Rules of the Audit Committee

Article 1 (Objective)

These Rules provide for matters related to the Audit Committee of Eisai Co., Ltd.

Article 2 (Authority)

  1. 1.In addition to audit of the execution of the duties by the Directors and the Corporate Officers and the preparation of audit reports as well as the determination of proposals related to the election, dismissal, and non-reappointment of External Auditors to be submitted to a General Meeting of Shareholders, the Audit Committee shall have the authority to perform the duties provided by law and the Articles of Incorporation, or otherwise resolved by the Board of Directors. Matters to be resolved by the Audit Committee shall be as set out in the Detailed Rules of the Audit Committee, except as otherwise provided by law or the Articles of Incorporation.
  2. 2.The Audit Committee may, at any time, request from the officers and employees of the Company and the ENW Entities, and the Accounting Auditor of the Company, reports regarding matters necessary for executing its duties. Matters to be reported to the Audit Committee shall be as set out in the Detailed Rules of the Audit Committee, except as otherwise provided by law or the Articles of Incorporation.
  3. 3.The Audit Committee may perform such duties as deemed necessary by the Audit Committee at the Company's expense.

Article 3 (Composition)

  1. 1.The Audit Committee shall be composed of Directors appointed by the Board of Directors (hereinafter called “Audit Committee Members”).
  2. 2.The Chair of the Audit Committee shall be appointed from the Outside Directors by the Board of Directors.

Article 4 (Convocation)

  1. 1.Audit Committee meetings shall be convened in principle by the Chair of the Audit Committee; provided however that any other Audit Committee Member may convene Audit Committee meetings whenever necessary.
  2. 2.Notices of convocation of Audit Committee meetings shall be dispatched to each Audit Committee Member at least three (3) days prior to the date of the meeting, stating the date and time, place, and agenda of the meeting.

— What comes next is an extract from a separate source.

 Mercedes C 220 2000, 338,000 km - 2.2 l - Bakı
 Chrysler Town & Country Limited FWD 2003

Such period of notice may, however, be shortened in case of urgency.
  3. 3.Audit Committee meetings may be held without conforming to the convocation procedures provided in the preceding paragraph with the unanimous consent of the Audit Committee Members.

Article 5 (Holding of meetings)

  1. 1.Audit Committee meetings shall be held in principle once a month.
  2. 2.Audit Committee meetings shall be held at the head office; provided however that a meeting may be held at some other place whenever necessary.
  3. 3.Audit Committee meetings shall be held in the Japanese language. Interpreter(s) may be caused to be present at a meeting whenever necessary.

Article 6 (Chair)

Audit Committee meetings shall be presided over by the Chair of the Audit Committee. In case the Chair is prevented from so doing, another Audit Committee Member shall act in the Chair's place in accordance with the order previously determined by the Audit Committee.

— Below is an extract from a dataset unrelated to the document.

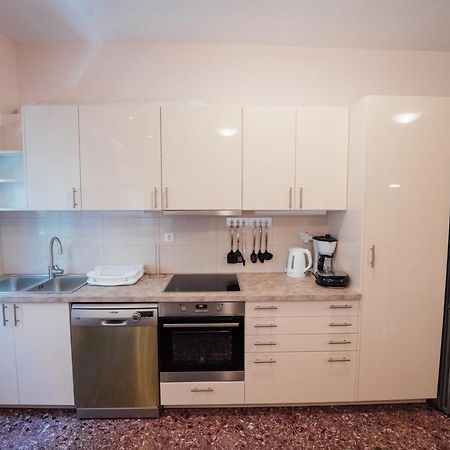 Luxury Apartment In Plaka - Acropolis アテネ エクステリア 写真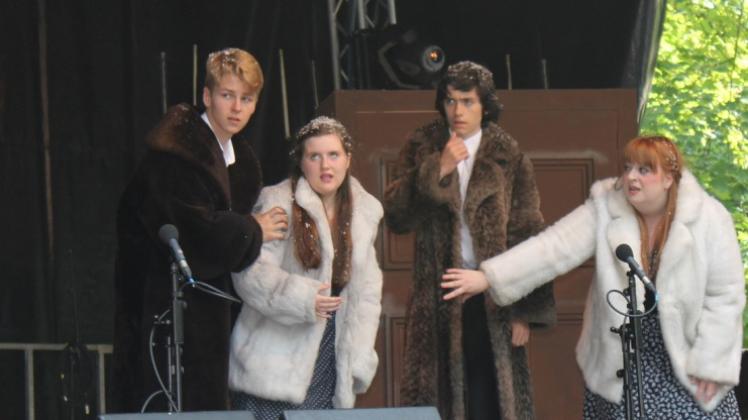 Gefahren lauern im vereisten Narnia auf die vier Geschwister – Gestik und Mimik der Schauspieler aus England überzeugten.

Article 7 (Methods of adopting resolutions)

  1. 1.Resolutions of the Audit Committee, except as otherwise provided by law, shall be adopted by a majority of Audit Committee Members present at each Audit Committee meeting where a majority of the Audit Committee Members who may participate in considering the resolution is present.
  2. 2.An Audit Committee Member who has a special interest with regard to a resolution of the Audit Committee shall not exercise any voting rights with respect to that resolution. In such case, that Audit Committee Member's voting rights shall not be counted towards the total number of the Audit Committee Members' voting rights for that resolution.

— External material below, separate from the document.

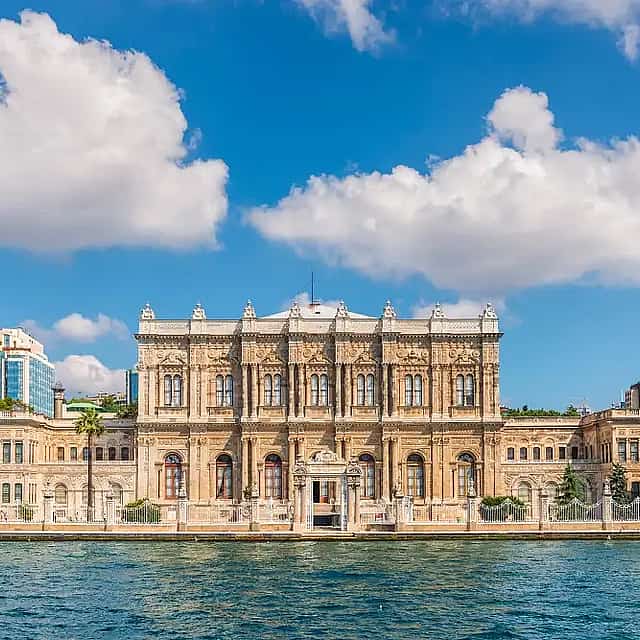 Paleis Dolmabahçe met 2 uur durende Bosporus Cruise - Dagtour
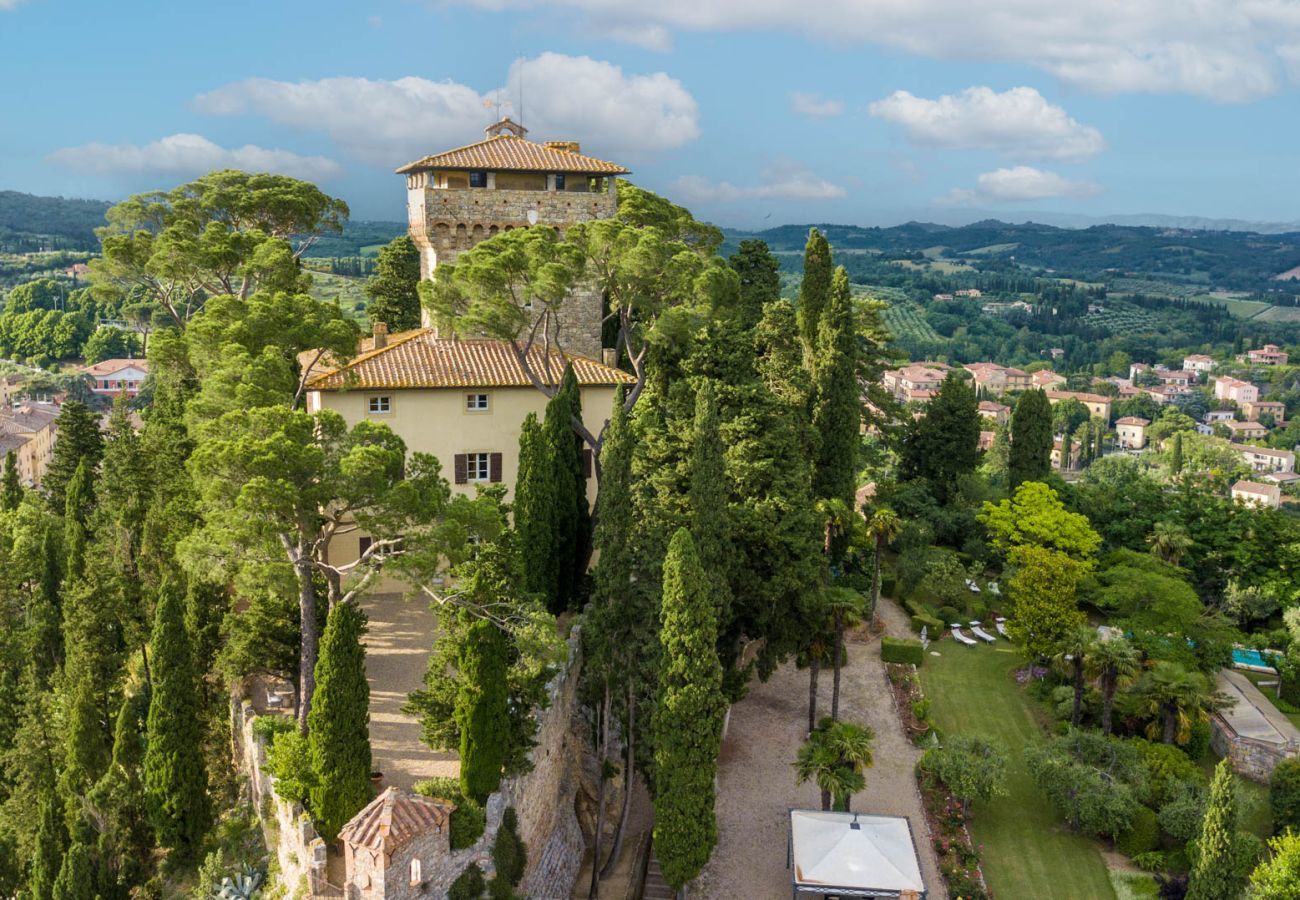 Villa in Cetona - Rocca di Cetona, a Luxury Castle with Pool in Tuscany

Article 8 (Reporting to the Board of Directors)

The Audit Committee Member appointed by the Audit Committee shall report the status of the Audit Committee's performance to the Board of Directors without delay.

Article 9 (Abbreviation of reporting to the Audit Committee)

Any matter that must be reported to the Audit Committee that a Director, a Corporate Officer or an External Auditor has notified to all Audit Committee Members need not be reported to the Audit Committee.

Article 10 (Attendance by persons concerned with proposals)

If the Audit Committee deems it necessary, it may require persons other than the Audit Committee Members to attend Audit Committee meetings and request their opinions and explanations.

Article 11 (Minutes)

  1. 1.The minutes shall be prepared with respect to the substance of proceedings of Audit Committee meetings in compliance with law, and shall be signed or sealed by all Audit Committee Members present at the meeting.
  2. 2.The minutes of Audit Committee meetings shall be kept at the Company's head office for ten (10) years.

Article 12 (Secretariat)

The Management Audit Department shall perform the clerical work of the Audit Committee.

Article 13 (Revisions)

These Rules may be revised only by resolution of the Board of Directors.

Supplementary Provisions

(Enforcement)

  1. Article 1These rules shall come into effect on June 24, 2004.
  2. Article 2These rules shall come into effect on June 23, 2006.
  3. Article 3These rules shall come into effect on May 15, 2007.
  4. Article 4These rules shall come into effect on June 19, 2015.
  5. Article 5These rules shall come into effect on June 17, 2016.
  6. Article 6These rules shall come into effect on June 21, 2017.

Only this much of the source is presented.